Since the available IP addresses in the x.x.x.224/27 subnet could be used to split the /28 bit subnets into smaller subnets, an additional 15 subnets could be created for a total of 31 subnets.

For example the definition of
192.168.3.0/28 <-> 192.168.3.225
could be split into
192.168.3.0/29 <-> 192.168.3.225
192.168.3.8/29 <-> 192.168.3.239

That would increase the subnet count, but reduce the number of useable IP addresses by 4.

Answer 2

Or the short version. Determine the network which is 24 bits. Determine the Prefix which is also the 24 bits because you add the Network bits (24) plus the subnet bits (0) to get your Prefix. Determine your subnet bits by Subtracting the Network bits (24) from the Prefix bits (24). That yields 0 subnet bits. The total subnets is determined by calculating 2 to the power of the subnet bits. In this case we have 0 subnet bits.

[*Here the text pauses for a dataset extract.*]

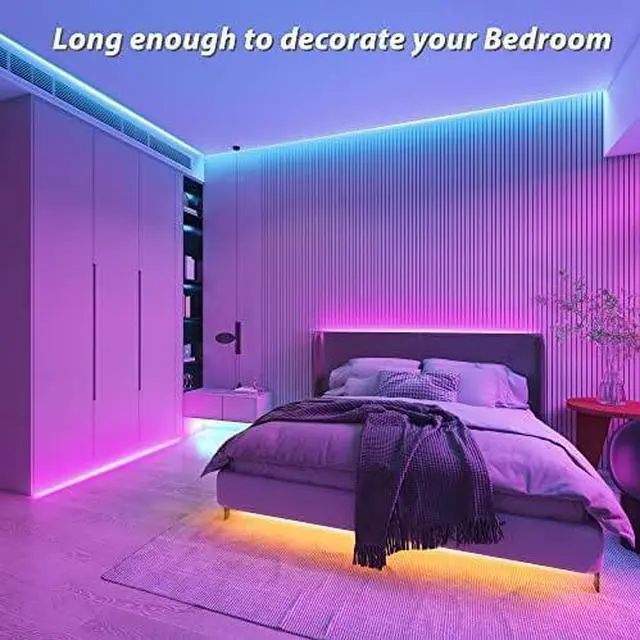 Alt view image 5 of 6 - Led Lights for Bedroom 32.8FT 300Leds RGB Led Strip Lights Music Sync Color Changing Dimmable Led Light Strip with Remote App Control Super Bright Led Tape Light Room Home Gaming Accessories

Any number to the power of 0 is 1. So 2 to the power of 0 is 1. You have 1 subnet for /24. Then you will recognize the binary pattern from left to right. 1 subnet for /24, 2 subnets for /25, 4 subnets for /26, 8 subnets, 16 subnets, 32, subnets, 64 subnets for /30 (point to point), and then you run out of hosts.

Answer 3

By definition, a class C network uses the first three sets of numbers to identify the network, and the last set to identify the node (individual computers). So since there is only one set of numbers available for nodes, it can not be split into a subnet. You do that by varying the third set of numbers.

So a Class C can only have one subnet.